## [WORK TASK]
What's wanted is a faithful retyping of every entry, pictures excluded.

BEGIN GIVEN RECORDS

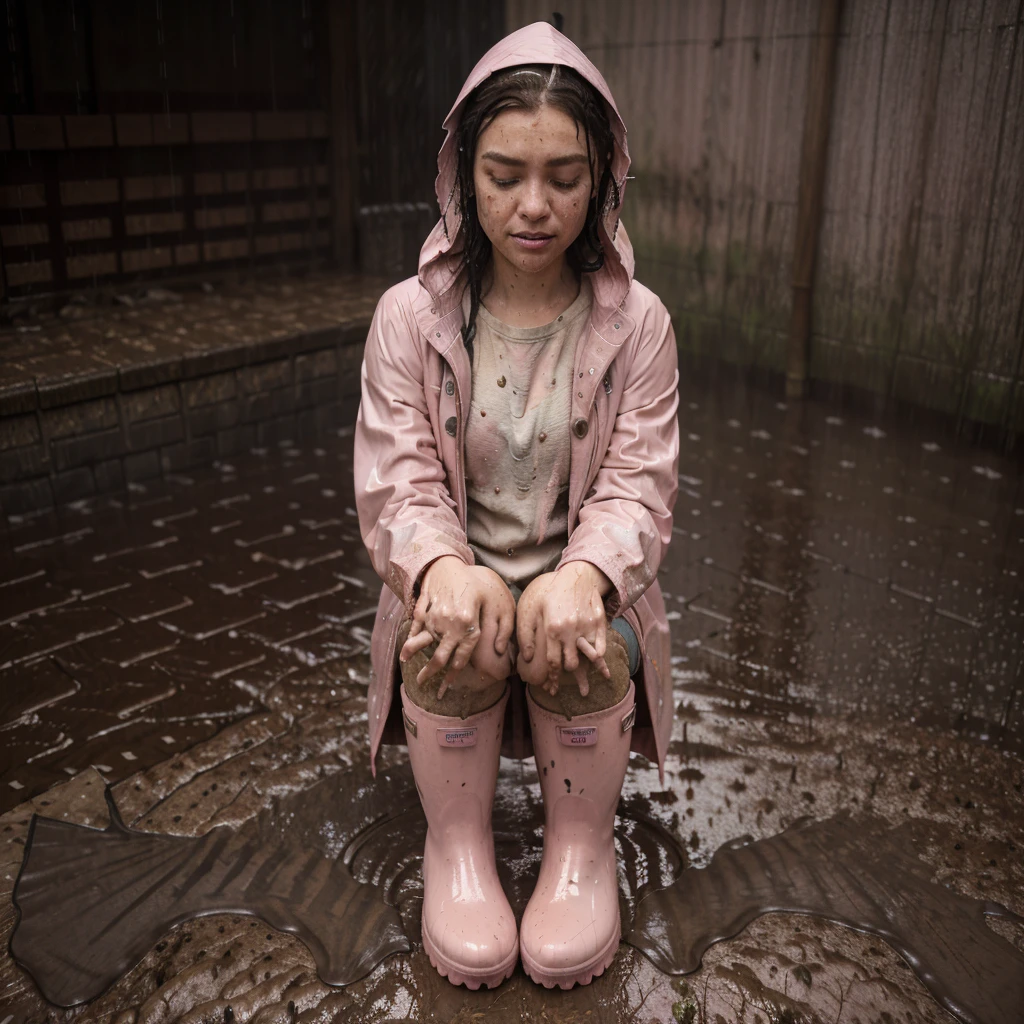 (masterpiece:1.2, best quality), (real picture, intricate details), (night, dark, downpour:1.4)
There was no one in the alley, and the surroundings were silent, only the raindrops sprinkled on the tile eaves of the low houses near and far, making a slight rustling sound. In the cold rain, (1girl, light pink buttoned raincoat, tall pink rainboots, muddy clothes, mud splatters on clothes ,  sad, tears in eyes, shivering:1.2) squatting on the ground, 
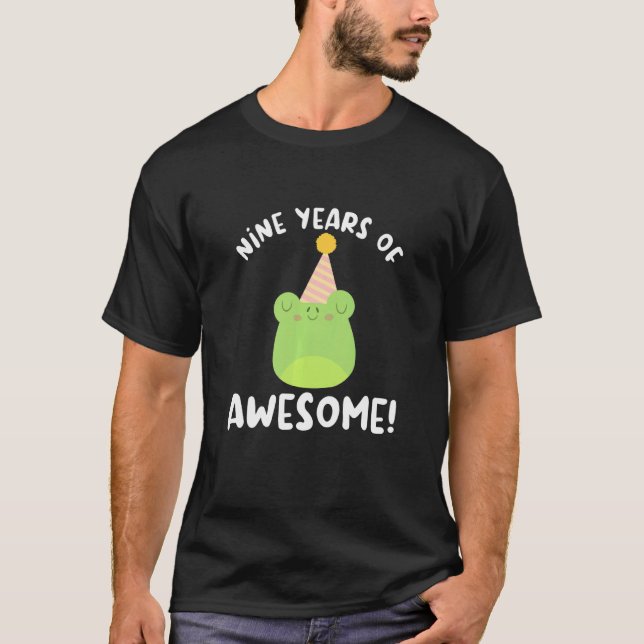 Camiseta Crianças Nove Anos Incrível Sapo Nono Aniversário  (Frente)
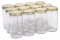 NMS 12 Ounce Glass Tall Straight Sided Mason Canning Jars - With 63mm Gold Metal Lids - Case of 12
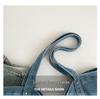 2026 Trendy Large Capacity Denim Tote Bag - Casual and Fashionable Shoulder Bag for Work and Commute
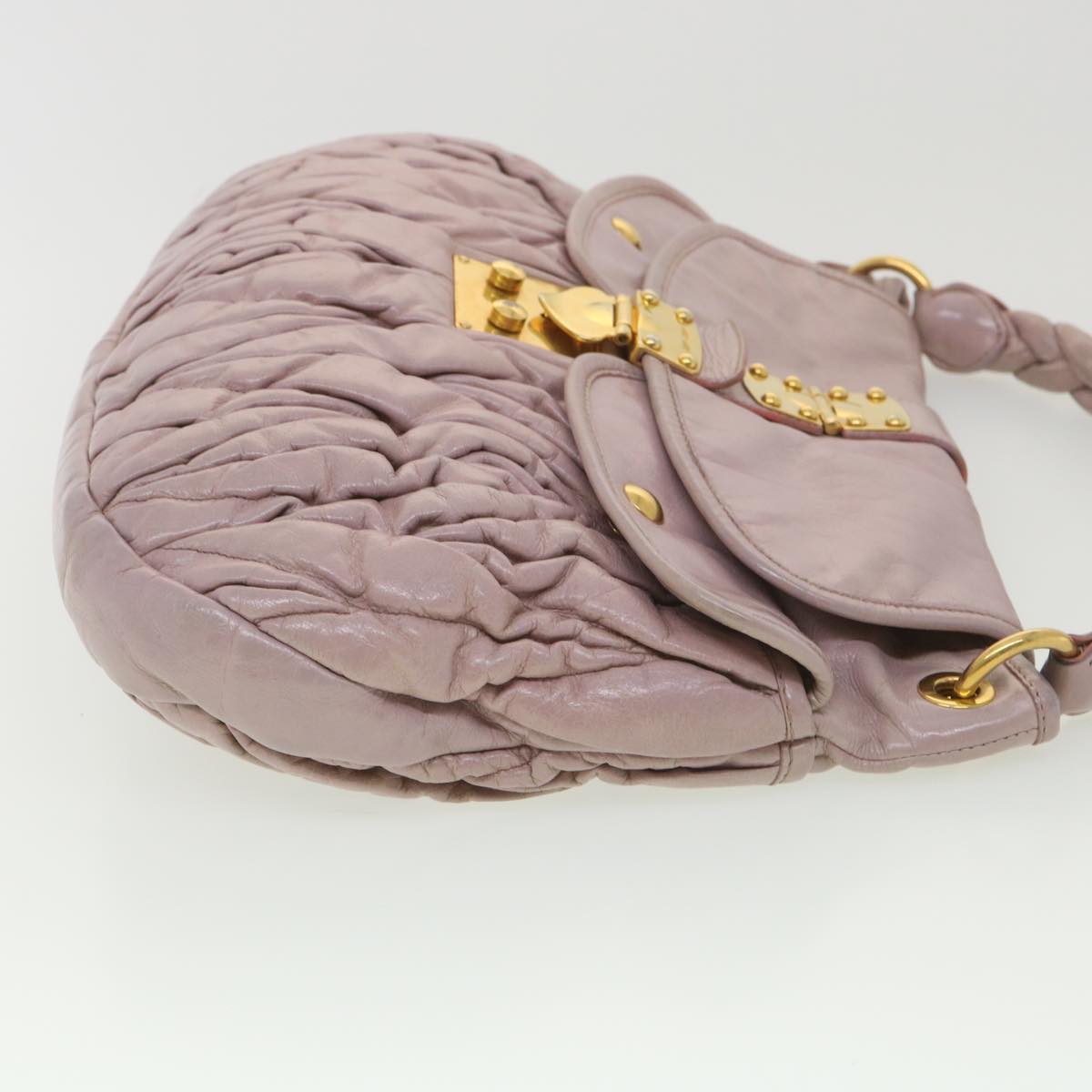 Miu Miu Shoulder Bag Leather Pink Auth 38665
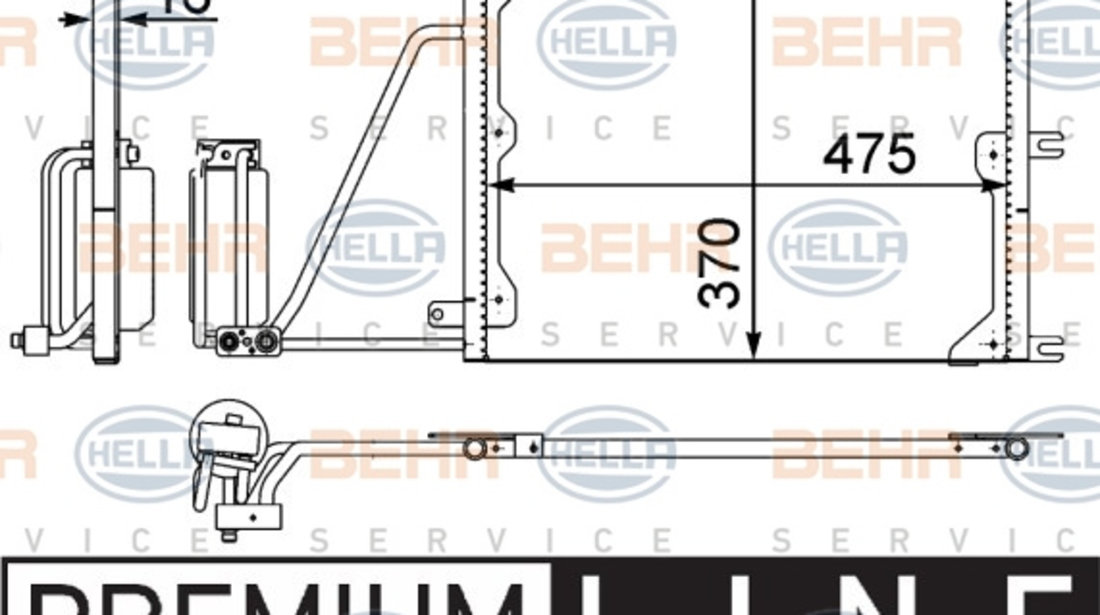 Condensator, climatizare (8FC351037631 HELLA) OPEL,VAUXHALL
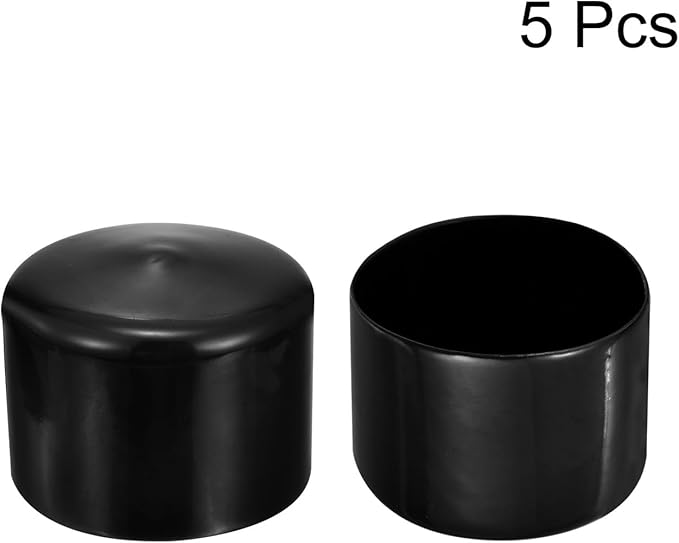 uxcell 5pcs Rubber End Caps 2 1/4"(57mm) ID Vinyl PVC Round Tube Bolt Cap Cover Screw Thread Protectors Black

END GIVEN RECORDS

## [EXPECTED OUTPUT]
 (masterpiece:1.2, best quality), (real picture, intricate details), (night, dark, downpour:1.4)
There was no one in the alley, and the surroundings were silent, only the raindrops sprinkled on the tile eaves of the low houses near and far, making a slight rustling sound. In the cold rain, (1girl, light pink buttoned raincoat, tall pink rainboots, muddy clothes, mud splatters on clothes ,  sad, tears in eyes, shivering:1.2) squatting on the ground, 
 Camiseta Crianças Nove Anos Incrível Sapo Nono Aniversário  (Frente)
 NMS 12 Ounce Glass Tall Straight Sided Mason Canning Jars - With 63mm Gold Metal Lids - Case of 12
 2026 Trendy Large Capacity Denim Tote Bag - Casual and Fashionable Shoulder Bag for Work and Commute
 Miu Miu Shoulder Bag Leather Pink Auth 38665
 Condensator, climatizare (8FC351037631 HELLA) OPEL,VAUXHALL
 uxcell 5pcs Rubber End Caps 2 1/4"(57mm) ID Vinyl PVC Round Tube Bolt Cap Cover Screw Thread Protectors Black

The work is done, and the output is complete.